Attending a recent documentary film festival on the burning issues of our time, he reflects on the plight of the Kuruba tribe at the Nagarahole sanctuary, then rises to defend the alternate perspective of a film-maker. Mulling over provocative themes, engaging intellectually with tourism-related paedophilia or the shadow of the beauty myth on urban India, he interacts spiritedly with potent ideas.

His dreams for the future envision a shared space for Kannada and English theatre. Perhaps a theatre  village named Natyagram, along the lines of Protima Gauri’s Nrityagram, outside Bangalore.

Between curtain calls, just passages from the average Indian life of Mahesh Dattani:

I was absolutely floored when I got the Sahitya Akademi award. It was the happiest moment of my life. It’s quite a trip for me to be mentioned in the same breath as Shashi Deshpande and A K Ramanujam, names I revere.  (Laughing long and strong) I thought they’d never give it to me because I write in English and about horrible subjects.  Besides, it’s an award for literature, not for drama.
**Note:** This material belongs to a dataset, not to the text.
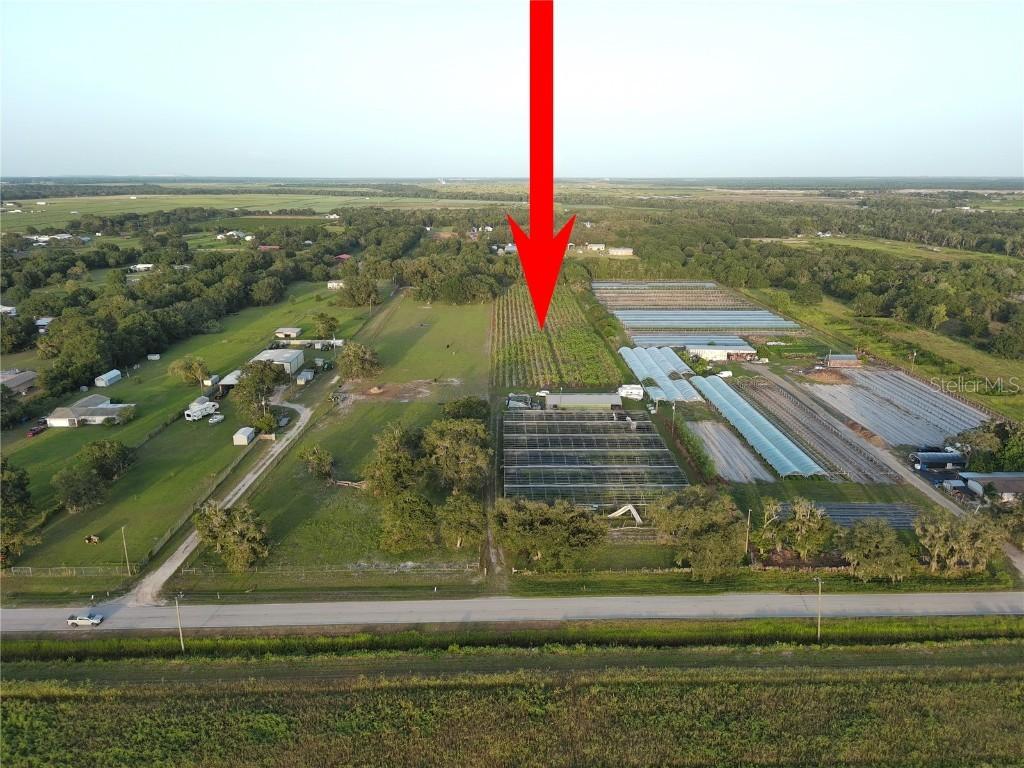 16070 Carlton Lake Rd., Wimauma, FL 33598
Initially, my family was concerned about me. But it was a big moment for my late father when I received the Sahitya Akademi award. He felt very proud when Alyque did Final Solutions in Mumbai, and when Bravely fought the Queen was done in London.

I joked with him then. I said: “I’ve done Mumbai, I’ve done London. Next stop: New York.” But New York happened in July; I lost him in March.  When I was reading the half-page New York Times rave review of Dance like a Man, the first thought that struck me was: “I wish my father was here!” (Silence for a few moments) It was actually a sad moment for me because he wasn’t there to share it.

My parents adapted to my life well because I achieved a modicum of success. If I was a failure or unrecognised, I don’t know how they would have felt. They’d probably say: “Why do you want to do all this?” The important thing is that I can earn a living out of what I’m doing. I’ve received a fair amount of recognition. I guess I’ve been a good boy. That’s what parents want from their children, don’t they?

He’s dedicated the Penguin edition of his Collected Plays, published in 2000, thus: “For my parents, Gaju and Wagh: ‘Look! I’m dancing like a man!’

The stage fan whirrs. Simon and Garfunkel’s ageless lyrics play on. The curtain comes down. But the spotlight remains on Mahesh Dattani.


(This interview was originally published in Man's World in 2001).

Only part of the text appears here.